**WORK INSTRUCTION:**
Nothing in the records below should be altered in the copy, although the pictures must be left out.

**MATERIAL SUPPLIED:**
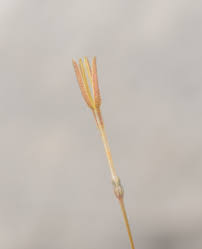 Image result for Kohautia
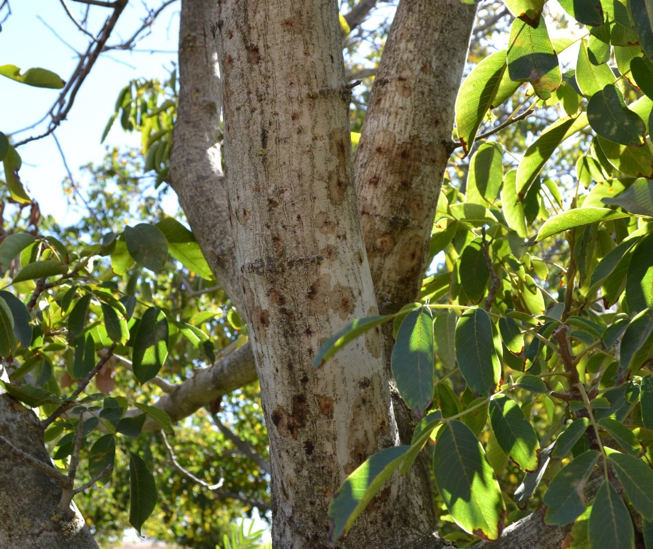 Everything you Need to Know About Thousand Cankers Disease of Walnuts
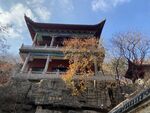 深秋寺院古塔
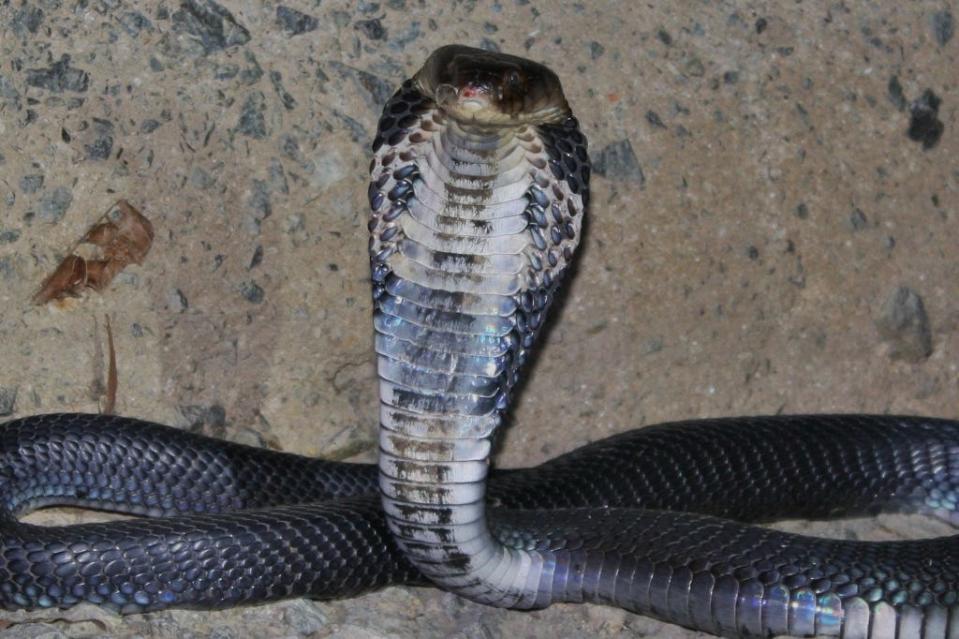 chinese cobra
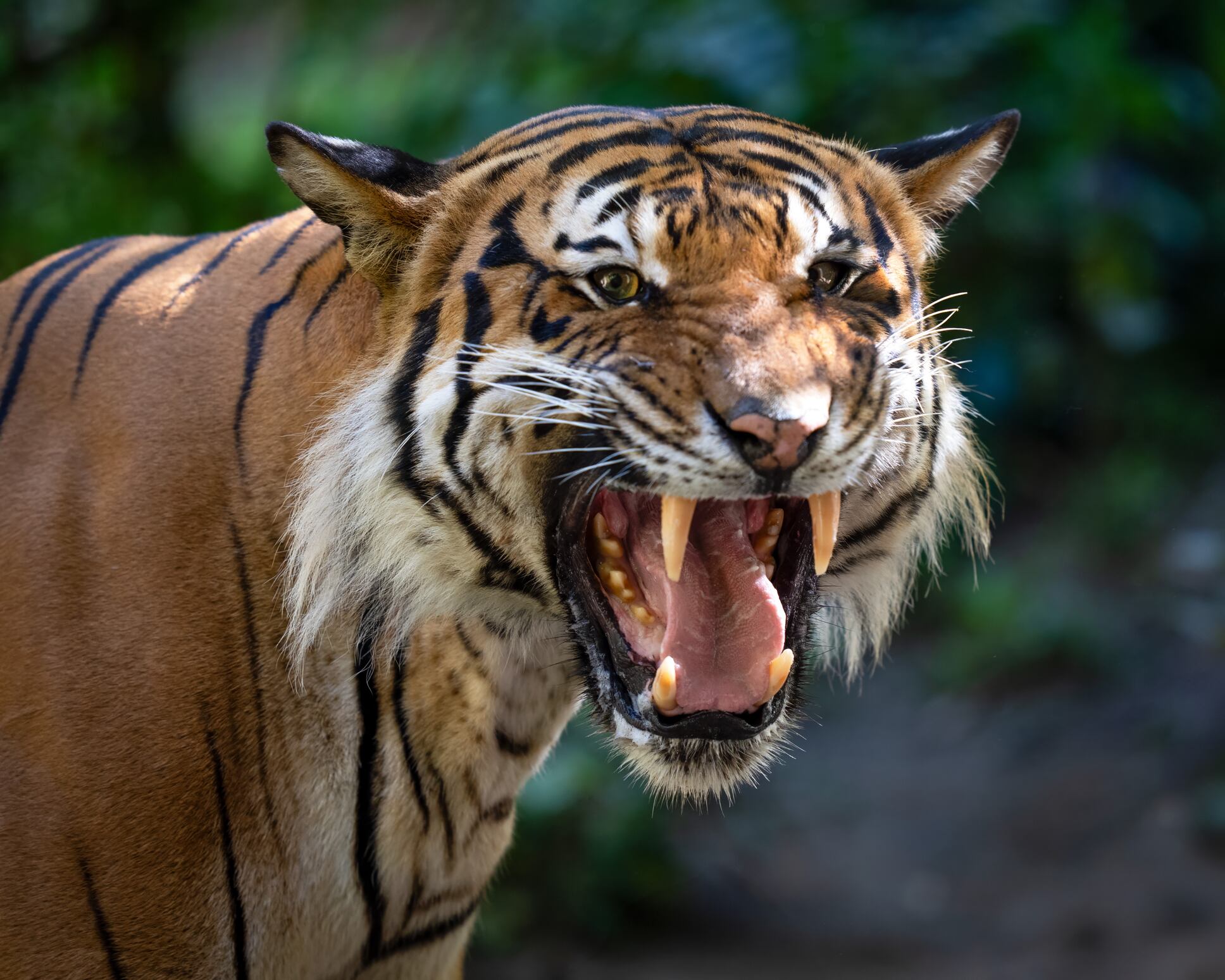Tigre. Foto: Getty Images.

**WRITTEN RESPONSE:**
 Image result for Kohautia
 Everything you Need to Know About Thousand Cankers Disease of Walnuts
 深秋寺院古塔
 chinese cobra
Tigre. Foto: Getty Images.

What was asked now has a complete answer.